2. Consider Example 1.3.1. Explain the assumption that Mrs T must have been making when she said “that sounds more probable”.
3. Consider Example 1.3.3.
a. Why is the area corresponding to D ∩ F equal to 0.75?
b. Why is it not true that P ( even or odd ) = 1?
4. Consider Example 1.3.4. Use inclusion-exclusion to find the probability that the
chosen number is composite.
5. Use complements and a list of primes to double check your answer in the last
problem.
6. Suppose we pick a number uniformly at random from the interval [0, 2].

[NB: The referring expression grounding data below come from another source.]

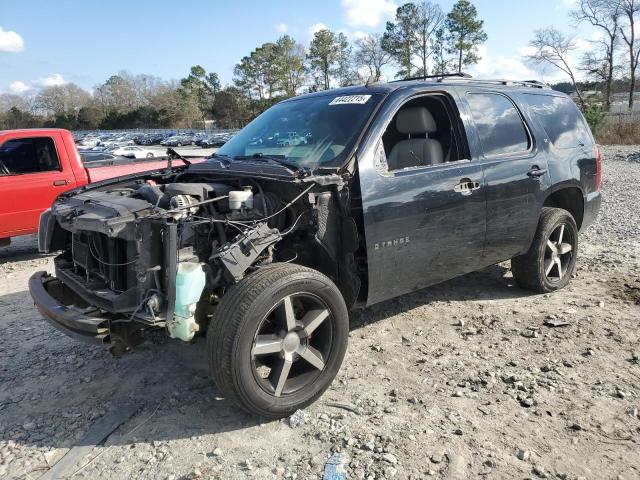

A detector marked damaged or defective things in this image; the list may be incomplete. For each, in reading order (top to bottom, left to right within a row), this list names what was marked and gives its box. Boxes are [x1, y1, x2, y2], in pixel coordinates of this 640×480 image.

damaged front end [31, 163, 348, 354]
wrecked black suv [30, 75, 600, 416]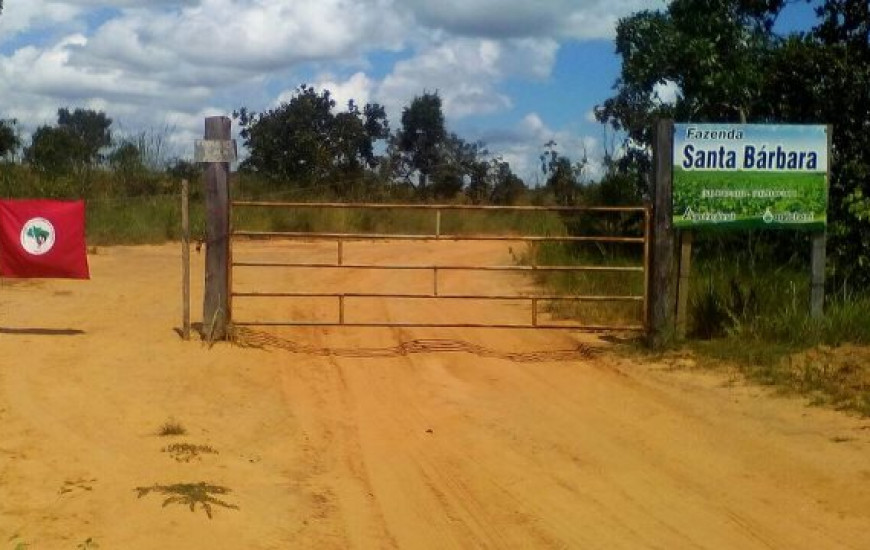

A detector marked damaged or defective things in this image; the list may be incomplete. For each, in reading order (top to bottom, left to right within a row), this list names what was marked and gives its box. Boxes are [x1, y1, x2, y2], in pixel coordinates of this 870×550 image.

rusty metal gate [228, 203, 652, 332]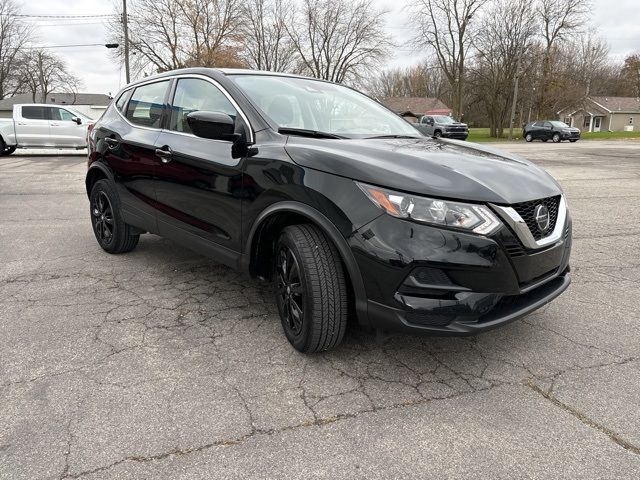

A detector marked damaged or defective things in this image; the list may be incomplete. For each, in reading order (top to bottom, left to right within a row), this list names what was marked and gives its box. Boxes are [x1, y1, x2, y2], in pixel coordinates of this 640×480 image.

cracked asphalt pavement [0, 141, 636, 478]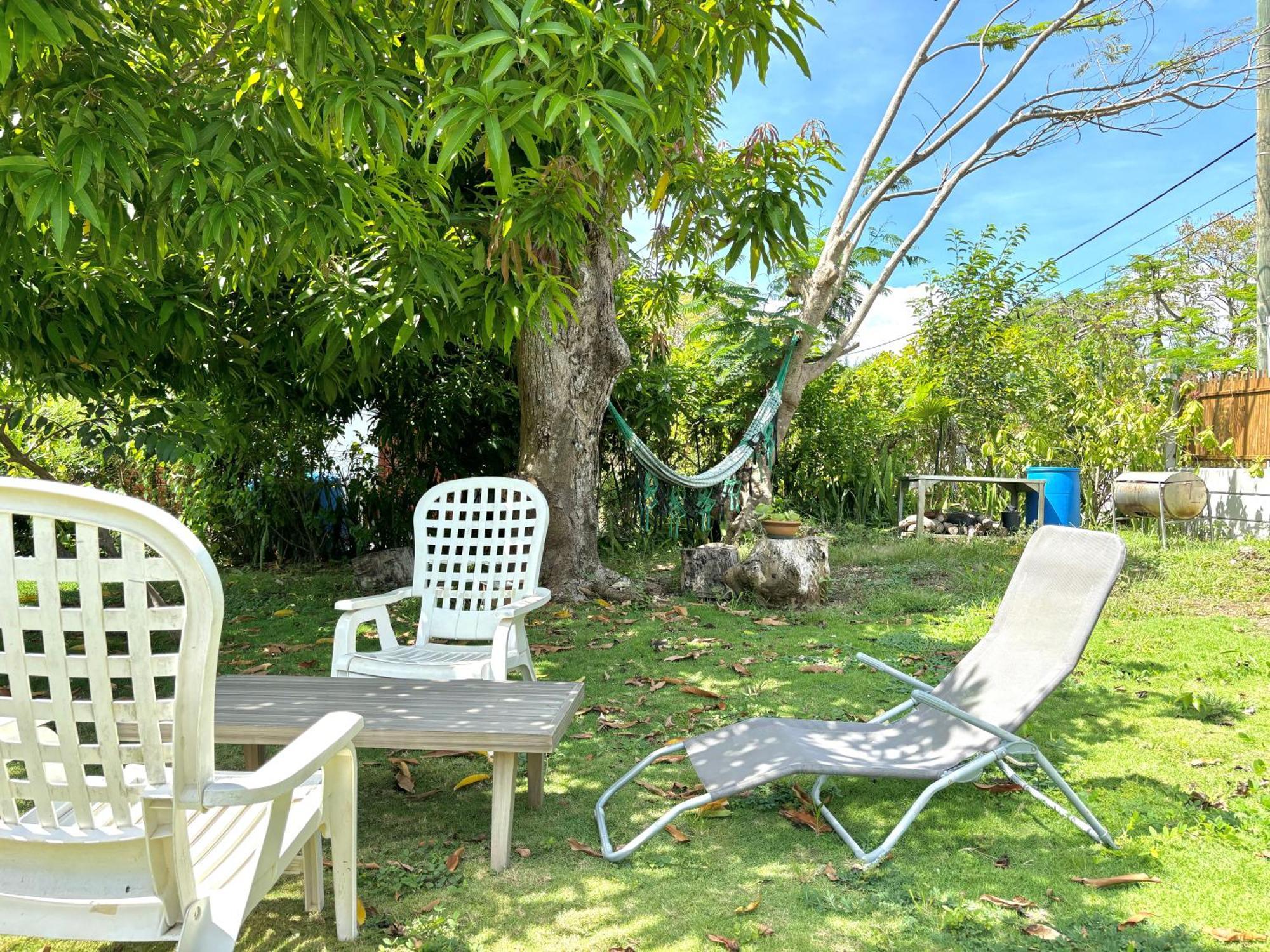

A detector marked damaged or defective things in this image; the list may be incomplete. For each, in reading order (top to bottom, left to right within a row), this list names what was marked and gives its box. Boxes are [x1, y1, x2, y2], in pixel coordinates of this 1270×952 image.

a. What is the sample space and what kind of infinite is it?
b. Check proposition 1.3.5 if An = [0, 1 + 1/n].
Ch. 1. 1, 4, 7, 8, 12
Due 9/15: All problems above since the last assignment
Ch. 1. 17(a,c,d), 18, 19, 20, 24, 27
Due 9/22: All problems above since the last assignment
1.33 Try some examples with specific probabilities assigned to A, B, and their conditionals.
1.35 Work from P (X ∩ Y ) = P (X|Y )P (Y ).
1.38 Think of how factoring relates to each of independence and being prime.
1.41 Just think about it and explain what you think. ... but be rigorous.
1.42 Just think about it and explain what you think. ... but be rigorous.
1.50 For (a), think about what A∩B∩C is. For (b), see if the definition of independence
for three sets is satisfied.
1.52 Let Bi = { dart i hits the bullseye}. Think about (a) and (b) in terms of the Bi .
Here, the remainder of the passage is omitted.